For the entries that follow, set down each one exactly and drop any pictures.
-------- Material provided --------
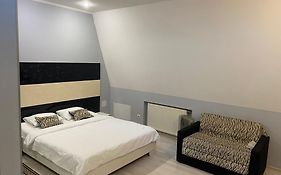 Best Season Apart Hotel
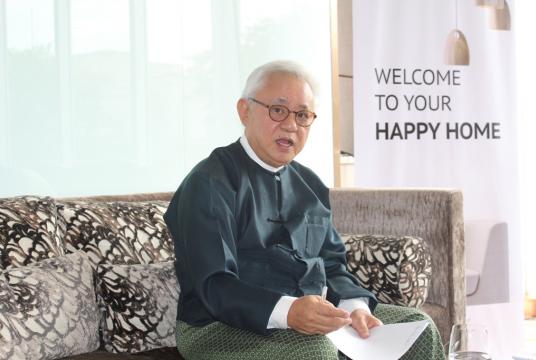 Serge Pun@U Thein Wai, executive chairman of Yoma Group, at a media roundtable with a group of invited journalists in Yangon (Photo- Khine Kyaw, Myanmar Eleven)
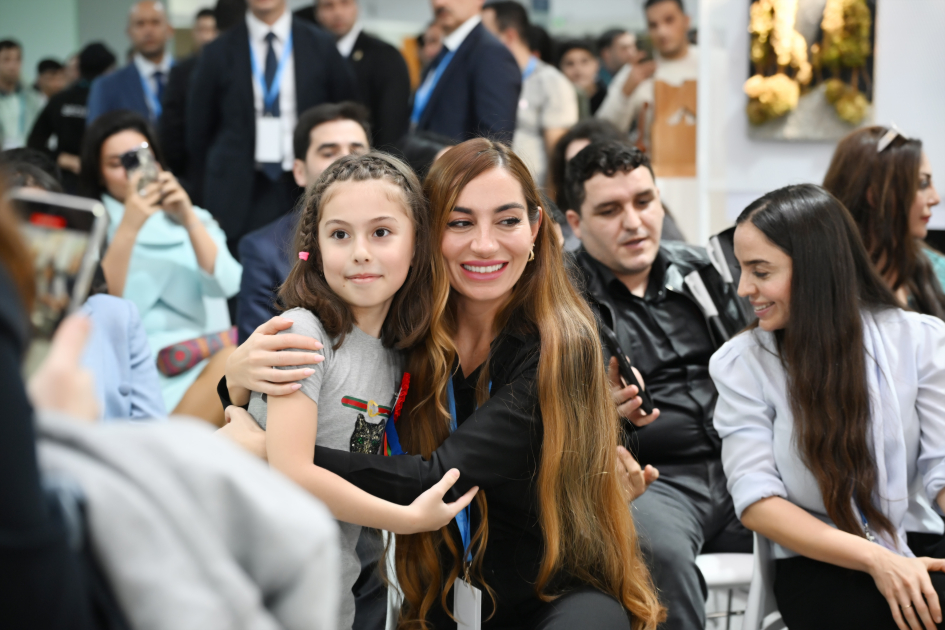 Heydər Əliyev Fondunun vitse-prezidenti Leyla Əliyeva və Bakı Media Mərkəzinin rəhbəri Arzu Əliyeva COP29-da təqdim edilən inklüziv sərgi ilə tanış olublar (FOTO)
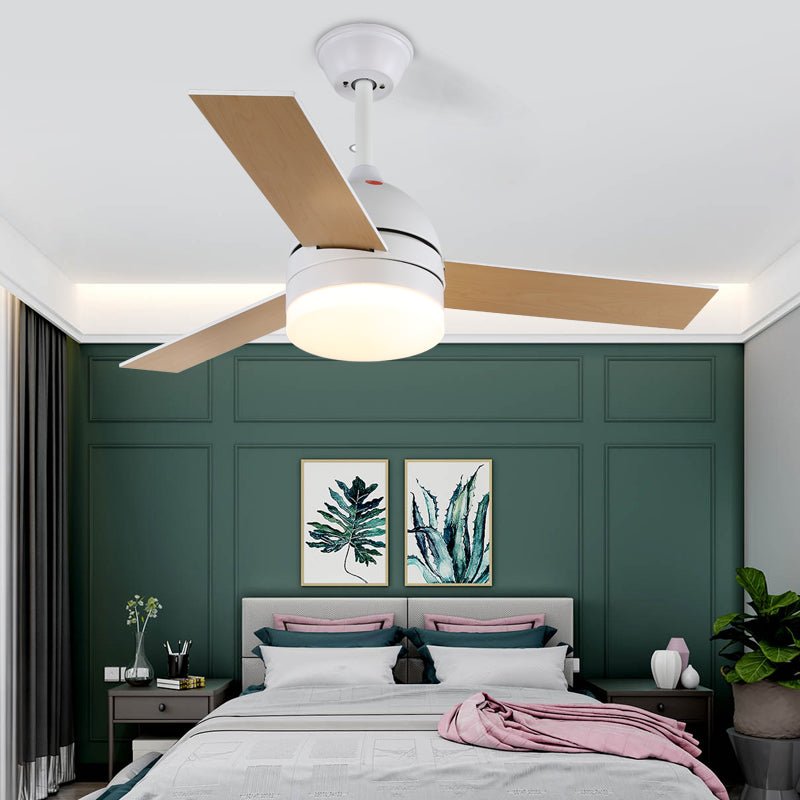 Vue rapprochée des pales finition bois du ventilateur de plafond Selena.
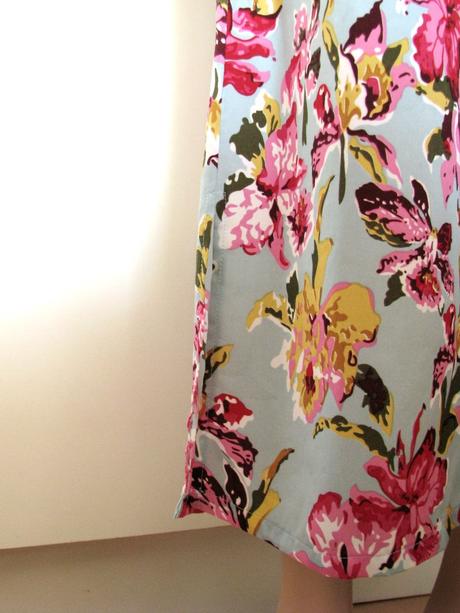 Svetlomodrá kvetovaná sukňa, 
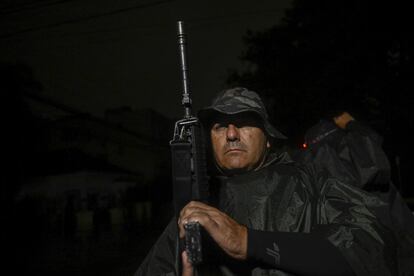 Los policías van armados para prevenir la rapiña en la zona central de Porto Alegre.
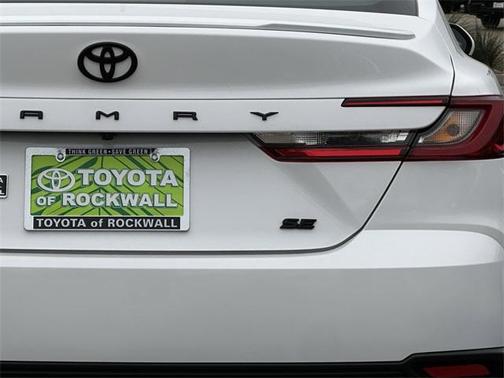 2026 Toyota Camry SE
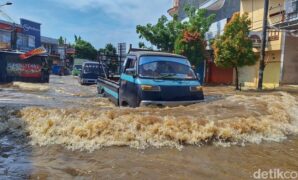 1762147767332-kondisi-banjir-jalan-raya-dayeuhkolot-kecamatan-dayeuhkolot-kabupaten-bandung-senin-3112025-1762141638459_169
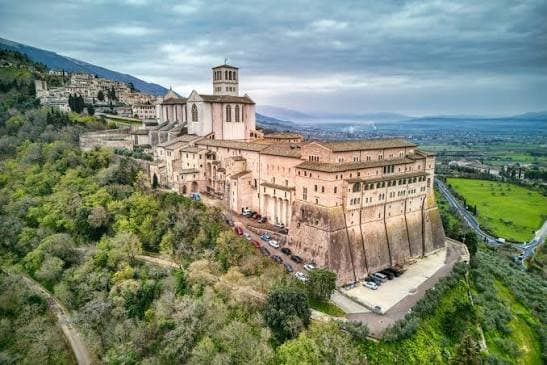 Lev XIV. kvůli rekonvalescenci nepojede do Assisi
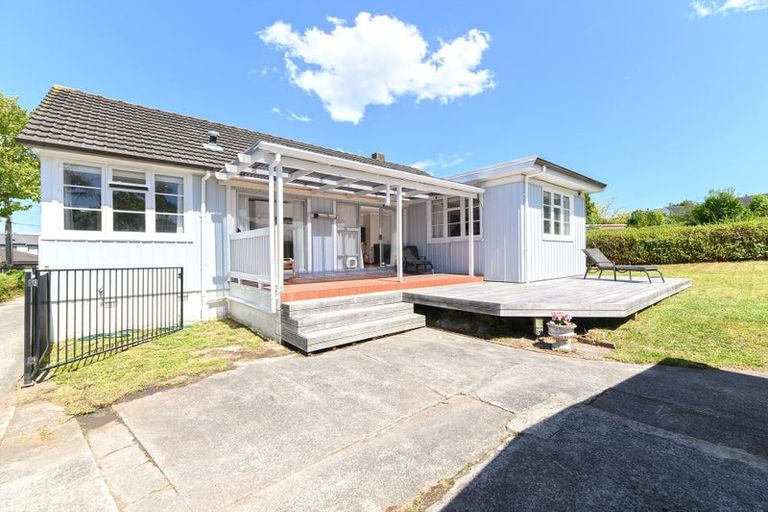 Photo of property in 1/11 Hill Crescent, New Lynn, Auckland, 0600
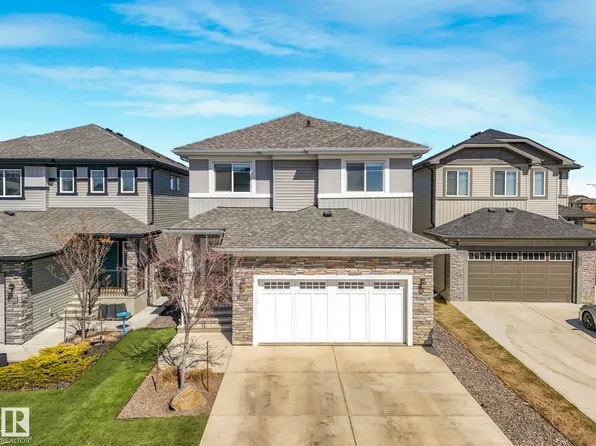 4260 Charles Close SW, Edmonton, AB T6W 3H2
--------
**Output**
 Best Season Apart Hotel
 Serge Pun@U Thein Wai, executive chairman of Yoma Group, at a media roundtable with a group of invited journalists in Yangon (Photo- Khine Kyaw, Myanmar Eleven)
 Heydər Əliyev Fondunun vitse-prezidenti Leyla Əliyeva və Bakı Media Mərkəzinin rəhbəri Arzu Əliyeva COP29-da təqdim edilən inklüziv sərgi ilə tanış olublar (FOTO)
 Vue rapprochée des pales finition bois du ventilateur de plafond Selena.
 Svetlomodrá kvetovaná sukňa, 
 Los policías van armados para prevenir la rapiña en la zona central de Porto Alegre.
 2026 Toyota Camry SE
 1762147767332-kondisi-banjir-jalan-raya-dayeuhkolot-kecamatan-dayeuhkolot-kabupaten-bandung-senin-3112025-1762141638459_169
 Lev XIV. kvůli rekonvalescenci nepojede do Assisi
 Photo of property in 1/11 Hill Crescent, New Lynn, Auckland, 0600
 4260 Charles Close SW, Edmonton, AB T6W 3H2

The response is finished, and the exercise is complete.